Example 4: Clinical Evaluation on 30 Subjects of Anti-Aging Cosmetic Care Using a Device that Emits Light at a Wavelength of 645 nm

[0154] The clinical study relates, overall, to 30 women aged between 35 and 70 years.

[0155] a) Performing the session of applying the cosmetic composition, and applying light at 645 nm.

[0156] A clinical dermatological examination of the tone of the skin (analysis by touch) and of the lines or wrinkles is carried out (semi-quantitative scores). Macrophotographs (subject without makeup, standard poses) are taken. Measurements of the surface area of the wrinkles, their depth, and the roughness of the skin are taken at D0 and D28, using a measuring apparatus (Skin Station).

[0157] Application of 0.4 g of composition to the face.

[0158] Exposure of the skin region containing the crow's feet to a lighting device emitting light at a wavelength of between 625 and 670 nm.

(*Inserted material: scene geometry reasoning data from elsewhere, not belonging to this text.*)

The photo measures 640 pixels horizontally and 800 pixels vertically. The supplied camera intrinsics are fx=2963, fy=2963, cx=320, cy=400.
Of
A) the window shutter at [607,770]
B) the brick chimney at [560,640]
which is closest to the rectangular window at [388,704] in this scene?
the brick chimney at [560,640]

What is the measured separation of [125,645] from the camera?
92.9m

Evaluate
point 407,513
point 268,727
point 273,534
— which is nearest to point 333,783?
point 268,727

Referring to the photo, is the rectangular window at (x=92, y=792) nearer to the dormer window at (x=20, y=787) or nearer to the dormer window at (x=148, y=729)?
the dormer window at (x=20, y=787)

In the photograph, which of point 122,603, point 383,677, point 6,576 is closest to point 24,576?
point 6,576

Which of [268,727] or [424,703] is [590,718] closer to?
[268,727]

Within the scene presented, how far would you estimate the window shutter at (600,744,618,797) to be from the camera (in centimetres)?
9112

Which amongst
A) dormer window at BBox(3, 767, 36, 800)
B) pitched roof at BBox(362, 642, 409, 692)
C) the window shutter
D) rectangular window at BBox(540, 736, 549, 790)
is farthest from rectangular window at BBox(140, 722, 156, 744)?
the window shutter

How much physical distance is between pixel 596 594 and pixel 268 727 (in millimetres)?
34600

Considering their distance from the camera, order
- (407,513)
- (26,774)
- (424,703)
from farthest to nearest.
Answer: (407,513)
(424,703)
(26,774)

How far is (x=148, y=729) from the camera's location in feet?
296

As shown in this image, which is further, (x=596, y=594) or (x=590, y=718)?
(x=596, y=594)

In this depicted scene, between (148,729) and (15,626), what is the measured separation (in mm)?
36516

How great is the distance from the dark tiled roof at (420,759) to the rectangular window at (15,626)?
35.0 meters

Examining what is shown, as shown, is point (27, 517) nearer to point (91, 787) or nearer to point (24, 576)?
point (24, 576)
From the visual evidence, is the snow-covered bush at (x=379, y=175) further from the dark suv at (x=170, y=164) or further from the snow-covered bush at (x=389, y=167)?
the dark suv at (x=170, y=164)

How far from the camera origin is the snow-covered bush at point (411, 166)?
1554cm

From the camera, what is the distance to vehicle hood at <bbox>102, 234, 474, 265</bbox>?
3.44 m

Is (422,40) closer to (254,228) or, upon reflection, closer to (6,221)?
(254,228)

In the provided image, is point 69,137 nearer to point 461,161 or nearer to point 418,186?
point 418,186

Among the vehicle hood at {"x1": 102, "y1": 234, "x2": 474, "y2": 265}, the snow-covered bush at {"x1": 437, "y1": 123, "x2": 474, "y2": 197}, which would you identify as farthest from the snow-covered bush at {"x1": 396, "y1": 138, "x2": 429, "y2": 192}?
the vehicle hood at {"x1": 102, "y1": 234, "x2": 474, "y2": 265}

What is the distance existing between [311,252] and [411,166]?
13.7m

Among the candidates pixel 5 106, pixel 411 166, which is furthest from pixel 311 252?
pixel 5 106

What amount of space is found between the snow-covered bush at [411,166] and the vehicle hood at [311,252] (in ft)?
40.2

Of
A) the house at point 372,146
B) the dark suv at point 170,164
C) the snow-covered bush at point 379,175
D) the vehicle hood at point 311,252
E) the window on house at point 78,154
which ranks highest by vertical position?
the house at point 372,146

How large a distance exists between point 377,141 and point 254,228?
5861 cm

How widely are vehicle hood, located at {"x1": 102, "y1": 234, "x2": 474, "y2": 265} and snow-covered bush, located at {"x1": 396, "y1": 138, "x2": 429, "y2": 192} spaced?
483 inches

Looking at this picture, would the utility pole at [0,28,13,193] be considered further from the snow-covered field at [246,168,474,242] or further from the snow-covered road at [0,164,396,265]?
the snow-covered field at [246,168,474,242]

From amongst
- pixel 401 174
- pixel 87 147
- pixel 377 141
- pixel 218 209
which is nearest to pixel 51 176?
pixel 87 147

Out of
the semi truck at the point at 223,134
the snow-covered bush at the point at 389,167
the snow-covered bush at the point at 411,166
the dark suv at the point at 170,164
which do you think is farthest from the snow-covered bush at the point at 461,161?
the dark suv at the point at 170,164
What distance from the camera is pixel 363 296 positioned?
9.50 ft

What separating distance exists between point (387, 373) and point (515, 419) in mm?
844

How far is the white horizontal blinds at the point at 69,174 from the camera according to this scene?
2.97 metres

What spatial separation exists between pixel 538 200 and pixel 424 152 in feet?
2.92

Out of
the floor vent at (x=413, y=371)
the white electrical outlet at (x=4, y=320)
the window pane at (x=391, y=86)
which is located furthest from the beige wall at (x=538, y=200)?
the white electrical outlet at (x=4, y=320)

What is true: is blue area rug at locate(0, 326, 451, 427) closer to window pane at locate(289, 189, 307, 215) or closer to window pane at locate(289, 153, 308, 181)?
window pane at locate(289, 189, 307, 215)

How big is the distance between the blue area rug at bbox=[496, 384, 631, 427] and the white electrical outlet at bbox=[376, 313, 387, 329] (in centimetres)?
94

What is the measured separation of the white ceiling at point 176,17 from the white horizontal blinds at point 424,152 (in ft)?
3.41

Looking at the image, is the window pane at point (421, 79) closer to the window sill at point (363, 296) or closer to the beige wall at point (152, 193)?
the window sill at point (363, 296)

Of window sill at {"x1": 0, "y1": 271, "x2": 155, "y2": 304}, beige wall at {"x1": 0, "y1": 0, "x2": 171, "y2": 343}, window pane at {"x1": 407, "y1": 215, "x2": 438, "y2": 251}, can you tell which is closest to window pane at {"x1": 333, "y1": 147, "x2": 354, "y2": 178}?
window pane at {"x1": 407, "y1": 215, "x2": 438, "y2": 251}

[0159] Application of the light source at 645 nm (duration, distance, intensity).

[0160] c) Conclusion

[0161] A clinical improvement is observed, following care using the composition and the device, in 27 of the 30 subjects.

[0162] The product is extremely well tolerated, and the cosmetic assessment is, overall, very good.

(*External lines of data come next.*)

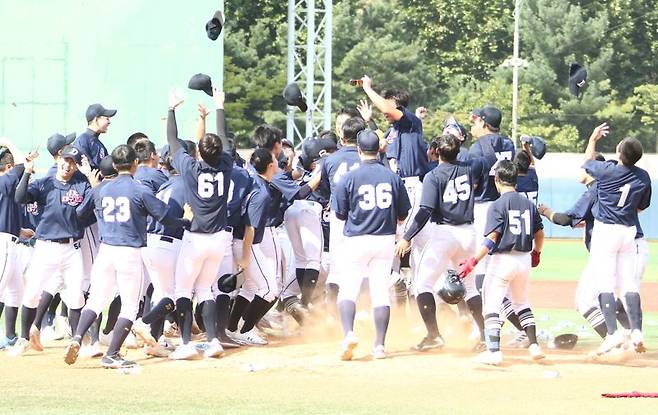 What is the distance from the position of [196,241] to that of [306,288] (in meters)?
2.42

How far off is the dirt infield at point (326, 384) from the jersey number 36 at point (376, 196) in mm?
1386

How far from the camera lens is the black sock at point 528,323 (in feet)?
37.1

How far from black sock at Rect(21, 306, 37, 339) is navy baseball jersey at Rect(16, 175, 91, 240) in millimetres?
705

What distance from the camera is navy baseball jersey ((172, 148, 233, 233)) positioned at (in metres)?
11.3

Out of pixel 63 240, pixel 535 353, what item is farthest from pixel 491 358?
pixel 63 240

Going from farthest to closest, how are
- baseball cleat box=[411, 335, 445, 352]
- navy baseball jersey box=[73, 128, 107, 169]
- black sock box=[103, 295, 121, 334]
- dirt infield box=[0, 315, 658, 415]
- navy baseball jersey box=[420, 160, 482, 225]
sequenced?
navy baseball jersey box=[73, 128, 107, 169], black sock box=[103, 295, 121, 334], baseball cleat box=[411, 335, 445, 352], navy baseball jersey box=[420, 160, 482, 225], dirt infield box=[0, 315, 658, 415]

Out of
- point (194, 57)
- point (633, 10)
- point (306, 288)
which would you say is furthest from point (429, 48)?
point (306, 288)

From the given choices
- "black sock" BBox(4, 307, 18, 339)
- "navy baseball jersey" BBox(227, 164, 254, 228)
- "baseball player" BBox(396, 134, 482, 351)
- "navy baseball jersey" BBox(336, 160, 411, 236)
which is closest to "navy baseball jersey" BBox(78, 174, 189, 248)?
"navy baseball jersey" BBox(227, 164, 254, 228)

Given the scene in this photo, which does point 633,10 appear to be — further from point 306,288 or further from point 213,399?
point 213,399

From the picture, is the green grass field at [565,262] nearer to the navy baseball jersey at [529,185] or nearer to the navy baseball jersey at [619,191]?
the navy baseball jersey at [529,185]

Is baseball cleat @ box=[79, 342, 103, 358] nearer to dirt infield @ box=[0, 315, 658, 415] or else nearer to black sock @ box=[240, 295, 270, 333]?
dirt infield @ box=[0, 315, 658, 415]

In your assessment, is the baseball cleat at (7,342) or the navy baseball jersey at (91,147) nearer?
the baseball cleat at (7,342)

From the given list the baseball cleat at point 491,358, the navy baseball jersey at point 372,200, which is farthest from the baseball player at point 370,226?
the baseball cleat at point 491,358

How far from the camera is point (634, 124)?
187 feet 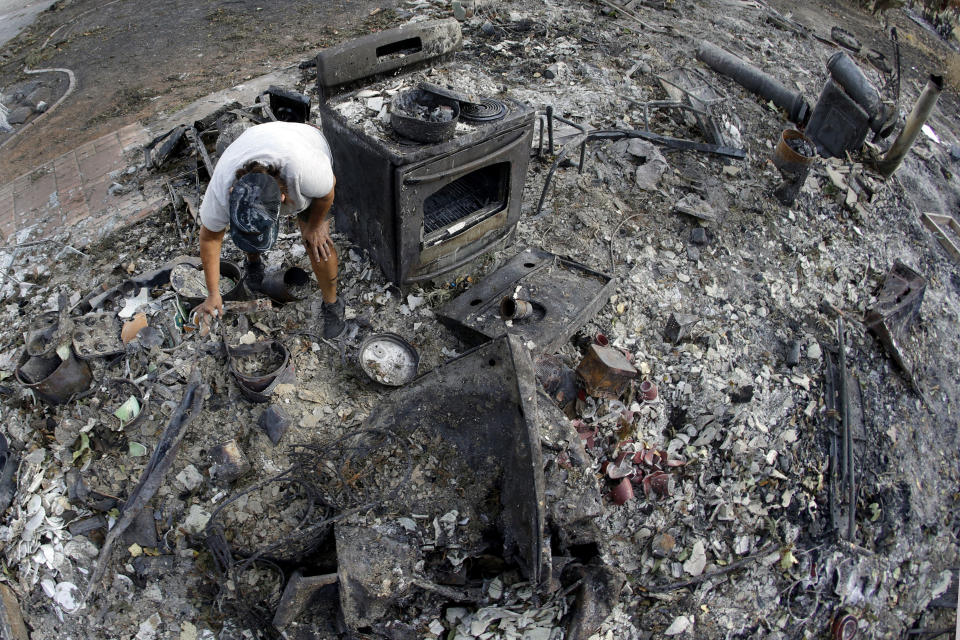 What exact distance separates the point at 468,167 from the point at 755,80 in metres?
4.91

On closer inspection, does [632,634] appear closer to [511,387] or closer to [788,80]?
[511,387]

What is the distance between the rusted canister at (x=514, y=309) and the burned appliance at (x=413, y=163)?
1.98 ft

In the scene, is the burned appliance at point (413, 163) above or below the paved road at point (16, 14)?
above


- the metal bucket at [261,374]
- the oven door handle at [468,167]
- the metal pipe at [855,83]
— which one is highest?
the oven door handle at [468,167]

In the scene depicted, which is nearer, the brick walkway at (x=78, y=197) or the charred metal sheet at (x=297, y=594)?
the charred metal sheet at (x=297, y=594)

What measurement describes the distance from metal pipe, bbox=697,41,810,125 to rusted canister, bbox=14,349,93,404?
24.0ft

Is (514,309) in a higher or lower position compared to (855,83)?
lower

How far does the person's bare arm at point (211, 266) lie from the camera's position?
133 inches

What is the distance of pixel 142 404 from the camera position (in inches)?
138

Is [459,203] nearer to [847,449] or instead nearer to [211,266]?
[211,266]

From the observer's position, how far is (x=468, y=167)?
3.70 metres

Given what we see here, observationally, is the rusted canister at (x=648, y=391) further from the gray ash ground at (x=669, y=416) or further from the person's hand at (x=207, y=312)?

[0163] The cosmetic care method according to the invention thus makes it possible to significantly reduce the wrinkles of the skin.

Example 5: Evaluation of the Effectiveness on the Expression of the mRNA of Cells of the Skin by Microfluidic RT-qPCR Following Activation of the Extracts Using Light

[0164] The entirety of this handling is carried out in semi-darkness.

[0165] Material: [0166] module of red LEDs (wavelength=645 nm) preset to 160 μmol/m.sup.2/s, shown in FIG. 4. [0167] 20 ml glass test tube [0168] clamp [0169] support comprising a rod

[0170] Protocol:

[0171] In the semi-darkness, 5 ml of extract are poured into the test tube.

[0172] The test tube is then placed in the center of the module of LEDs by being fixed to the rod of the support by virtue of the clamp.

[0173] The module of red LEDs is then illuminated, and the light is left to act for 10 minutes.

[0174] After this 10 minutes, the light is cut and the sample remains in the semi-darkness.

[0175] The extract contained in the tube is withdrawn using a pipette, without stirring.

[0176] The photoactivated extract is used fresh, in the remainder of the protocol.

[0177] The experiment is performed three times (n=3) on normal human epidermal keratinocytes (NHEK) and normal human dermal fibroblasts (NHDF), where the extracts activated as described above are used.

[0178] Analysis Method:

[0179] The mRNA are extracted and reverse-transcribed into cDNA. The gene expression is quantified using qPCR, and normalized by the expression of reference genes. In order to confirm an activator or inhibitor effect, the values are compared with the reference condition, after contacting with the extracts.

[0180] The genes evaluated are indicated in FIG. 3.

[0181] An increase in the expression of the genes Claudine 1, Collagen, Fibrillin 1 and 2 is observed, as well as, in a general manner, antioxidant genes. At the same time, a reduction in the expression of metallopeptidase 1, 3 and 9 genes, and inflammation, is observed.

[0182] In conclusion, a reduction in the expression of genes promoting cutaneous aging is observed.